La repetición de frases positivas puede reforzar ciertas conexiones neuronales, un proceso conocido como neuroplasticidad.
Este fenómeno no es una ilusión, sino una demostración de la farmacia interna que todos poseemos. El efecto placebo ocurre cuando la expectativa de mejora activa regiones del cerebro —como el córtex prefrontal— que liberan sustancias químicas reales: endorfinas, dopamina y cannabinoides endógenos. No es que la «creencia» fabrique el resultado de la nada, sino que la sugestión actúa como un interruptor biológico. Al creer en la eficacia de un decreto o un tratamiento, reducimos el cortisol (la hormona del estrés) y modulamos el sistema inmunitario, preparando al organismo para la recuperación.
Sin embargo, el verdadero poder del placebo en el contexto de los decretos reside en la reorientación de la conducta. La sugestión no es un «poder místico» que altera la materia externa, sino un catalizador que transforma nuestra arquitectura interna. Al cambiar nuestra percepción de lo que es posible, modificamos nuestra actitud; y al cambiar de actitud, nuestras decisiones diarias se alinean con ese nuevo estado. En última instancia, el decreto funciona porque el cerebro, convencido de una nueva realidad, deja de buscar obstáculos y empieza a detectar oportunidades que antes eran invisibles para nuestra mente estresada o pesimista.
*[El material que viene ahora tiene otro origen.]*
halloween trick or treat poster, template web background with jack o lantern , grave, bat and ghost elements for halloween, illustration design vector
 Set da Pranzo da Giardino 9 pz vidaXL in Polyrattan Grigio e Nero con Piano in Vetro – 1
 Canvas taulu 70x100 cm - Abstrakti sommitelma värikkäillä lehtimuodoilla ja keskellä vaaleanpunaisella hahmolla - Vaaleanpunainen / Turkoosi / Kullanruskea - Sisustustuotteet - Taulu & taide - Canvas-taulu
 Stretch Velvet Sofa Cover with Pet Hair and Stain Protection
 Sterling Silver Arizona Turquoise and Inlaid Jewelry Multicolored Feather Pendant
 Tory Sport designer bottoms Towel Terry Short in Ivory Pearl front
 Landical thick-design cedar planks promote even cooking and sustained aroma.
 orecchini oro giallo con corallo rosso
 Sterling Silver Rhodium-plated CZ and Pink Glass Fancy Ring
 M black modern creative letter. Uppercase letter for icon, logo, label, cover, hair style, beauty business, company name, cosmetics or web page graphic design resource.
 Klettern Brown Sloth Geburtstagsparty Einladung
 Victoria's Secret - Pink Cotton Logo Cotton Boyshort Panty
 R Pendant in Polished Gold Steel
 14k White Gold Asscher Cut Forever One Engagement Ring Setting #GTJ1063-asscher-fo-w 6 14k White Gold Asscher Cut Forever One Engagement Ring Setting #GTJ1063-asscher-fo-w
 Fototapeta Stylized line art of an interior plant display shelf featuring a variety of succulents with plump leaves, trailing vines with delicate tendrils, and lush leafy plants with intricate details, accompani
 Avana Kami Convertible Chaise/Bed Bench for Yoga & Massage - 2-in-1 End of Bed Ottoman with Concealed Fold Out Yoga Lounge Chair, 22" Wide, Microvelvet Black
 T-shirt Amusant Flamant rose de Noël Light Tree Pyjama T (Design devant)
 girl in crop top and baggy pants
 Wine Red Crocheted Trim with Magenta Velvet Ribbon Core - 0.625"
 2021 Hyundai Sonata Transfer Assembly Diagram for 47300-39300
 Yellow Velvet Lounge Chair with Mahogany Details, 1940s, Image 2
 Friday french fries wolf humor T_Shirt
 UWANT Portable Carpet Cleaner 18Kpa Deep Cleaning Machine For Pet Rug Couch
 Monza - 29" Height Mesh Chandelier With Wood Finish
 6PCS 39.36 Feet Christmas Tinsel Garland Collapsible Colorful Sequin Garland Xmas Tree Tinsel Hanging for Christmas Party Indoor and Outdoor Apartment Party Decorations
Para comprender el alcance real de un decreto, debemos distinguir entre las fuerzas que nos han moldeado. Por un lado, la conducta filogenética representa nuestra herencia como especie, los instintos y reflejos grabados en nuestro ADN a lo largo de milenios. Por otro, la conducta ontogenética es el resultado de nuestra historia personal: lo que hemos aprendido, los traumas que hemos superado y los hábitos que hemos construido. Los decretos operan en este segundo plano, intentando reprogramar una narrativa individual que a menudo nos limita. Sin embargo, es vital entender que el decreto no es un sustituto de la acción, sino su motor de arranque. Si la palabra no se traduce en movimiento, el cerebro detecta la incoherencia y el proceso se estanca en la frustración.
El verdadero poder de la autoinstrucción reside en la sinergia: la creencia prepara el terreno biológico, pero es la acción la que siembra la realidad.
Es aquí donde mi concepto de «Esenciogenética» cobra un valor transformador. Si el ser humano es capaz de trascender tanto la herencia genética de la especie como los condicionamientos de su experiencia individual, ¿qué es lo que permanece? La respuesta habita en esa esencia que se sitúa por encima de la materia y del tiempo. Al pronunciar el «Yo Soy», no estamos realizando un acto egocéntrico de autoafirmación, sino que estamos permitiendo que nuestra naturaleza original se manifieste en el mundo físico.
La esenciogenética propone que existe un código superior al biológico, una huella de conciencia pura que no está sujeta a las leyes de la escasez o del miedo. Cuando decretamos desde este espacio, no estamos «pidiendo» algo al universo, sino que estamos alineando nuestra estructura mental y nuestras decisiones con esa esencia primordial.
Esta es la premisa que guiará el resto de nuestro viaje: entender que el decreto es la herramienta técnica, pero la «esenciogenética» es la fuente de poder que lo hace posible.